Establishing Shared Goals for Improved Instruction: What’s a District Leader To Do?
Too often school district leaders focus so much on operations and compliance with state and federal policy that they don’t pay enough attention to teaching and learning, according to Thomas Timar, professor of education at the UC Davis School of Education. The result is a cacophony of efforts, often working at cross-purposes.
In a three-year study concluding in June 2016, Timar partnered with Michael Fullan, professor emeritus at the Ontario Institute for Studies in Education at the University of Toronto, to evaluate how Fullan’s Whole System Change program could help district leadership establish a shared vision for instructional reform. The study looked at the implementation of the program in four Northern California school districts.
The aim of the three-year Systems Transformation Collaborative was to deepen leadership skills at all levels of a district to mobilize commitment and energy to achieve shared goals with a laser-like focus on improved instruction, according to Timar.
“This research builds on previous work by focusing on leadership that fosters clear connections among district priorities and initiatives to improve teaching and learning through collaborative goal-setting,” said Timar. “Establishing a shared vision with clearly defined and articulated goals is critical for districts to focus on the core mission of teaching and learning.”
Preliminary findings, based on the first two years of the study, suggest that involving teachers, principals, district personnel, and superintendents in shared goal-setting may lead to small improvements, but the researchers found a lot of gaps.
For instance, teachers and site administrators struggled to identify district goals. During the first year, only district leadership defined the goals, so when asked about the goals during the second year, principals and teachers were often unable to describe the goals or reported different ones.

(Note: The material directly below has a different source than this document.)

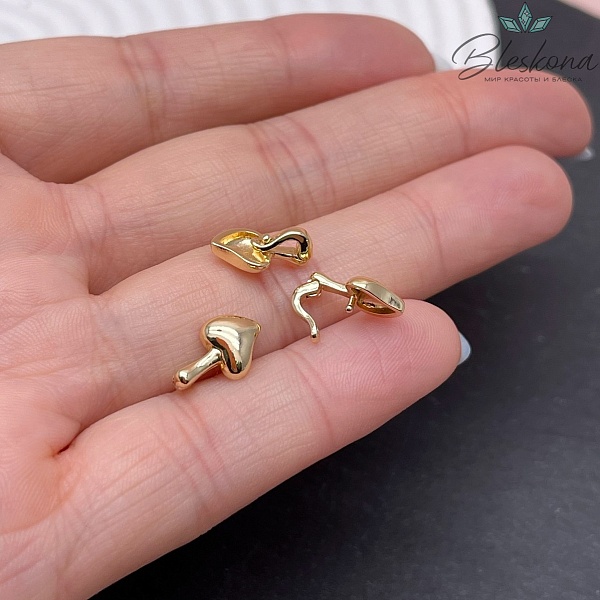 12*7,5 мм Цвет золото, Подвеска сердце с бейлом 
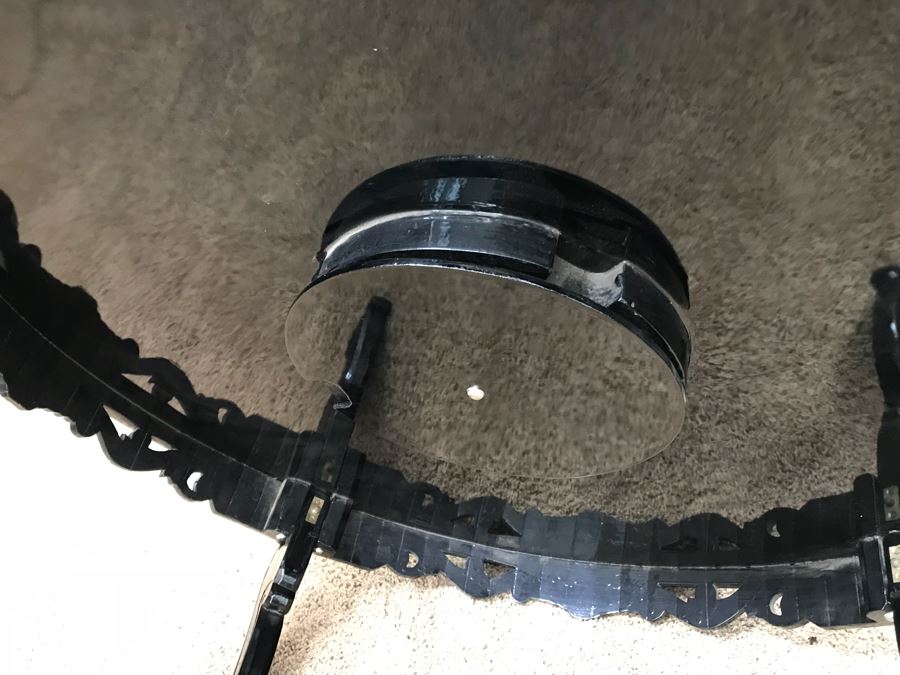 Stunning Chinese Black Lacquer Round Coffee Table With Detailed Mother Of Pearl Inlay And Glass Protective Top [Photo 21]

Researchers also identified two major factors that impede district leaders’ ability to establish and articulate shared goals. First, superintendents and their staff are beset with myriad competing district and statewide policy initiatives that are difficult to connect with any new goals. Secondly, district leadership turnover is so prevalent that it is hard to provide consistent and coherent district-wide goal setting. Over the course of the last 18 months of the project, three of the four districts changed superintendents.
Timar, along with PhD students and co-authors Kelsey Krausen and Mary Briggs, present “Defining District Goals in a Systems Transformation Collaborative: The Role of Leadership” at the Annual Meeting of the American Educational Research Association on Sunday, April 19.